Derivative (or roughening) operators are generally used regularization in inverse problems. Smoothing has the opposite effect of roughening and it can be employed as preconditioning in inverse problems.

A smoothing operator is a simple compact filter on lenght \(n_{smooth}\) and each elements is equal to \(1/n_{smooth}\).

import matplotlib.pyplot as plt
import numpy as np

import pylops

plt.close("all")

Define the input parameters: number of samples of input signal (N) and lenght of the smoothing filter regression coefficients (\(n_{smooth}\)).
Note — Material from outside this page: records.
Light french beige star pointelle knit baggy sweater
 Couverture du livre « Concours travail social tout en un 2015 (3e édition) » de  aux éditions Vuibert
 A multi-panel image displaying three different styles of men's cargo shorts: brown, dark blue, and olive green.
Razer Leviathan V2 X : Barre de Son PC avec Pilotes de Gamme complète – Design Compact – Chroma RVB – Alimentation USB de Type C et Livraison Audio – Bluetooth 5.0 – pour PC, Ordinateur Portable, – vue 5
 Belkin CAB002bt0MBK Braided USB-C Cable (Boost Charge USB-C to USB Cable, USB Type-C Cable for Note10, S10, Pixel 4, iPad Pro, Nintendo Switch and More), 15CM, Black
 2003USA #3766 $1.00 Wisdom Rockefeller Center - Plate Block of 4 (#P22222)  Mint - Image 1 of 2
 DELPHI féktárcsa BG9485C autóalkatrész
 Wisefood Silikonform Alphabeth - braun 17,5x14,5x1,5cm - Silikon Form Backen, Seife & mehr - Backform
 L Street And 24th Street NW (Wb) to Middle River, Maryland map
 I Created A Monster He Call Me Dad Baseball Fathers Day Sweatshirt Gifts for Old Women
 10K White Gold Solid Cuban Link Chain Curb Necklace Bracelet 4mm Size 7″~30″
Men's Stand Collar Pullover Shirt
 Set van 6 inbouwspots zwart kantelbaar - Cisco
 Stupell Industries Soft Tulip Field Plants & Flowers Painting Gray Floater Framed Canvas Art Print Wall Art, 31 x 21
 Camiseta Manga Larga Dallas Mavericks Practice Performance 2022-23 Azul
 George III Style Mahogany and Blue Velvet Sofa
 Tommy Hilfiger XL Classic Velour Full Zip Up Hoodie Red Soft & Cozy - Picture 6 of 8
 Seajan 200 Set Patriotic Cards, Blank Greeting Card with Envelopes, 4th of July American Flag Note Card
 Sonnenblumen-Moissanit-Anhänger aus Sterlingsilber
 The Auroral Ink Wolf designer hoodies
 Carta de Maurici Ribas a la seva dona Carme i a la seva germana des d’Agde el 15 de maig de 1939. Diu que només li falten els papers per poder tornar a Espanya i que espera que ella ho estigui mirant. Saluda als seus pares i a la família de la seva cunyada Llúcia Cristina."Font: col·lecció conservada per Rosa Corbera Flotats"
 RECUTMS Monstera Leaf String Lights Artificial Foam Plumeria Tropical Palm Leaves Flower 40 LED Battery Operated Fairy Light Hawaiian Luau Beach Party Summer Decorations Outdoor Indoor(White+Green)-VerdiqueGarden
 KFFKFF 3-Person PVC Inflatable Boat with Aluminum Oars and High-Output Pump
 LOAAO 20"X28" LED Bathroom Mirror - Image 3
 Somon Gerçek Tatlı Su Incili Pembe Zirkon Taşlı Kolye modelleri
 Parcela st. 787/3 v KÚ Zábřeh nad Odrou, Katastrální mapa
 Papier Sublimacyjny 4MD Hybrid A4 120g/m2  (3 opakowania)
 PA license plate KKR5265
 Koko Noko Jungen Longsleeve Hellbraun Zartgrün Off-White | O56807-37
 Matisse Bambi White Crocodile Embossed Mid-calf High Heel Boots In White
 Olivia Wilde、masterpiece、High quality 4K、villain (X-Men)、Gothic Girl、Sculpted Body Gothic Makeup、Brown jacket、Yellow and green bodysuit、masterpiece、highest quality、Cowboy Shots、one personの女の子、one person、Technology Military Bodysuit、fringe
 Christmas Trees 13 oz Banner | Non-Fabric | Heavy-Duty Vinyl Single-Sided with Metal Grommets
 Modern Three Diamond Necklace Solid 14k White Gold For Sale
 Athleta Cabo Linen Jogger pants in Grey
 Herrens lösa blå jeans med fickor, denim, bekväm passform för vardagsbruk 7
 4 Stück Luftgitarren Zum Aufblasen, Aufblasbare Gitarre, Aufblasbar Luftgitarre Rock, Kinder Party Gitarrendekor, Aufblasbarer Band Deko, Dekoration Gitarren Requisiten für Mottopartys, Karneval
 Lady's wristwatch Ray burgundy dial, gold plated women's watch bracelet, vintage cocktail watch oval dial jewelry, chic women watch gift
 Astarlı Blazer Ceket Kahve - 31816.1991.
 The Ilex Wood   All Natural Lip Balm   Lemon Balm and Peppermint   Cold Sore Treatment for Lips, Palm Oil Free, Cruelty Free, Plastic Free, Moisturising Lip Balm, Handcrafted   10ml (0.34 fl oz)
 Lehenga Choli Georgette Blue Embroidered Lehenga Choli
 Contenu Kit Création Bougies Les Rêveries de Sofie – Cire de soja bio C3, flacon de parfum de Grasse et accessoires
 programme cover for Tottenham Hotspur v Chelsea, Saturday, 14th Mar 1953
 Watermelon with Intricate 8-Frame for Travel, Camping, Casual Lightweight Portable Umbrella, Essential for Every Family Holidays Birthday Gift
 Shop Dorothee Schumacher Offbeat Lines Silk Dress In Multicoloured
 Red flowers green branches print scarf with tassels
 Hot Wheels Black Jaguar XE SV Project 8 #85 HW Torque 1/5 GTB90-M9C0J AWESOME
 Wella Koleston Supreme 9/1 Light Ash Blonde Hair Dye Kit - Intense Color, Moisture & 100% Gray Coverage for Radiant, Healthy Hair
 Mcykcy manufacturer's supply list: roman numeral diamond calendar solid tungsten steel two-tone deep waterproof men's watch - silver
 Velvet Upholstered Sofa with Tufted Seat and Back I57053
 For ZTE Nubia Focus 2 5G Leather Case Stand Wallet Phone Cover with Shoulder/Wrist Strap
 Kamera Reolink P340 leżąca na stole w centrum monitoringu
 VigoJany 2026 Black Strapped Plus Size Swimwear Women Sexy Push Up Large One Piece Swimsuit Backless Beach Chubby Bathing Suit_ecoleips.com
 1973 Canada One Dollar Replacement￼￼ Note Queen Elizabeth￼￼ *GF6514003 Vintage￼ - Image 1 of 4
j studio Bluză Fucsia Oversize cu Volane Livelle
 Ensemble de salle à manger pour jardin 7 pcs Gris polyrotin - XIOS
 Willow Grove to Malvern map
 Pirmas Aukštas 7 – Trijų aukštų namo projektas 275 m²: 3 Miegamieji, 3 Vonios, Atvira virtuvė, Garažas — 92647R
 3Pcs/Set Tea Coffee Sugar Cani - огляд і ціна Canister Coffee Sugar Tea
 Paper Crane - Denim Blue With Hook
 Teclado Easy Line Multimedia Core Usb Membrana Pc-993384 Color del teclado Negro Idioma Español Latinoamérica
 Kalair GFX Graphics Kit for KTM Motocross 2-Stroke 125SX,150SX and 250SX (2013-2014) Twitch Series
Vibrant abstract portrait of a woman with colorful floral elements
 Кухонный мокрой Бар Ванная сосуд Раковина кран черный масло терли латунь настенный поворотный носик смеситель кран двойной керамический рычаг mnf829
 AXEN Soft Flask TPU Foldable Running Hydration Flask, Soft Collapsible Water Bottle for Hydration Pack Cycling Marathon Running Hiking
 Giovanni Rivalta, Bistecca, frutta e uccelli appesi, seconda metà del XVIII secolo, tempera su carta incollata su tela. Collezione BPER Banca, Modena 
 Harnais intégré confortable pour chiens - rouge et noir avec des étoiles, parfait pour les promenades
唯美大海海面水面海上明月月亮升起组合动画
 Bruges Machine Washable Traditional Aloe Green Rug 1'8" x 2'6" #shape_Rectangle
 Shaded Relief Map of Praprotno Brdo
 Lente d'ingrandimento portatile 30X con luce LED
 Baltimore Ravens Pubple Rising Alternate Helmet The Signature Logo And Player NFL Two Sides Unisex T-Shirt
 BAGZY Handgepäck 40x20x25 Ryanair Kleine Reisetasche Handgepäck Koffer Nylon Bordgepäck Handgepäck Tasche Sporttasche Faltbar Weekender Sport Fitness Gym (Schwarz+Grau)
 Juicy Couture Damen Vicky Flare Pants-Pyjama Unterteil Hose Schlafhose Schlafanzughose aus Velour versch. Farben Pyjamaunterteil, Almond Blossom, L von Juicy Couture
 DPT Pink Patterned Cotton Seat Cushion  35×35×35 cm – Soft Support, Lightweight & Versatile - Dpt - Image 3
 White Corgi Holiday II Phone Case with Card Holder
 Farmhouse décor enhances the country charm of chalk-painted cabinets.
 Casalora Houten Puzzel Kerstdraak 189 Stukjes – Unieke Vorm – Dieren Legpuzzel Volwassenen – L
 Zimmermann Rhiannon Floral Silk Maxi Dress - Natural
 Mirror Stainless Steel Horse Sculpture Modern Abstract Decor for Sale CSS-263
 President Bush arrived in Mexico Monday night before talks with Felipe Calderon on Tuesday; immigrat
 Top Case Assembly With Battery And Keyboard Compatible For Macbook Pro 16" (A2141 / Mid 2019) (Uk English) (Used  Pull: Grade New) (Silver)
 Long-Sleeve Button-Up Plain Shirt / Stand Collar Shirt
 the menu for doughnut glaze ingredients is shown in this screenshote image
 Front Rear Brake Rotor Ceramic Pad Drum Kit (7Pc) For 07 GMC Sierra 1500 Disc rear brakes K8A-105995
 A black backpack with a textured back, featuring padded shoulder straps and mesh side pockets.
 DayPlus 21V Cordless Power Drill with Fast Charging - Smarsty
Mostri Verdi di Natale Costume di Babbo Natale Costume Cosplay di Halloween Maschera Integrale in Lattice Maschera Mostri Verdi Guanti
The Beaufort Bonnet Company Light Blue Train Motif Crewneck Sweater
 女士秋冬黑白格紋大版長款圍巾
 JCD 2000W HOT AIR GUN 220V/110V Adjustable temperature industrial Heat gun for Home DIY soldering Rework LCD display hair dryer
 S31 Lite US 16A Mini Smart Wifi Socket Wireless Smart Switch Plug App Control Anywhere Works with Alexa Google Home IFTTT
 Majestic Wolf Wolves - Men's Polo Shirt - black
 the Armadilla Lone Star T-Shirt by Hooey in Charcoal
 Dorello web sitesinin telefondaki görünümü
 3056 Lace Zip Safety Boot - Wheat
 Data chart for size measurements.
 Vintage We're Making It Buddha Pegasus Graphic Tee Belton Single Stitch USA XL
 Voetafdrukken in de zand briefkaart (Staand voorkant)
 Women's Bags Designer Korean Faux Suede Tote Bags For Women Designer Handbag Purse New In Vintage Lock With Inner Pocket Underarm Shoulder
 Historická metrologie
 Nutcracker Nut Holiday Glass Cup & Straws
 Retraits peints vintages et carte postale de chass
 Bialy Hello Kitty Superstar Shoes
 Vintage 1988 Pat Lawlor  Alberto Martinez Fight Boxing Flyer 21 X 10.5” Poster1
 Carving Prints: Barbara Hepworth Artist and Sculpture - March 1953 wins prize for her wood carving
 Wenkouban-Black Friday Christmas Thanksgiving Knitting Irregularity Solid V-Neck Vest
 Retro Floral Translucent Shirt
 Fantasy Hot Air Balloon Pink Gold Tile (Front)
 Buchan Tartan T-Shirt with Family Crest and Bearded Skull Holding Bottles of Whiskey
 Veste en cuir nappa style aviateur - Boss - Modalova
In this first case the input signal is one at the center and zero elsewhere.

N = 31
nsmooth = 7
x = np.zeros(N)
x[int(N / 2)] = 1

Sop = pylops.Smoothing1D(nsmooth=nsmooth, dims=[N], dtype="float32")

y = Sop * x
xadj = Sop.H * y

fig, ax = plt.subplots(1, 1, figsize=(10, 3))
ax.plot(x, "k", lw=2, label=r"$x$")
ax.plot(y, "r", lw=2, label=r"$y=Ax$")
ax.set_title("Smoothing in 1st direction", fontsize=14, fontweight="bold")
ax.legend()
plt.tight_layout()

Let’s repeat the same exercise with a random signal as input. After applying smoothing, we will also try to invert it.

N = 120
nsmooth = 13
x = np.random.normal(0, 1, N)
Sop = pylops.Smoothing1D(nsmooth=13, dims=(N), dtype="float32")

y = Sop * x
xest = Sop / y

fig, ax = plt.subplots(1, 1, figsize=(10, 3))
ax.plot(x, "k", lw=2, label=r"$x$")
ax.plot(y, "r", lw=2, label=r"$y=Ax$")
ax.plot(xest, "--g", lw=2, label=r"$x_{ext}$")
ax.set_title("Smoothing in 1st direction", fontsize=14, fontweight="bold")
ax.legend()
plt.tight_layout()

Finally we show that the same operator can be applied to multi-dimensional data along a chosen axis.

A = np.zeros((11, 21))
A[5, 10] = 1

Sop = pylops.Smoothing1D(nsmooth=5, dims=(11, 21), axis=0, dtype="float64")
B = Sop * A

fig, axs = plt.subplots(1, 2, figsize=(10, 3))
fig.suptitle(
    "Smoothing in 1st direction for 2d data", fontsize=14, fontweight="bold", y=0.95
)
im = axs[0].imshow(A, interpolation="nearest", vmin=0, vmax=1)
axs[0].axis("tight")
axs[0].set_title("Model")
plt.colorbar(im, ax=axs[0])
im = axs[1].imshow(B, interpolation="nearest", vmin=0, vmax=1)
axs[1].axis("tight")
axs[1].set_title("Data")
plt.colorbar(im, ax=axs[1])
plt.tight_layout()
plt.subplots_adjust(top=0.8)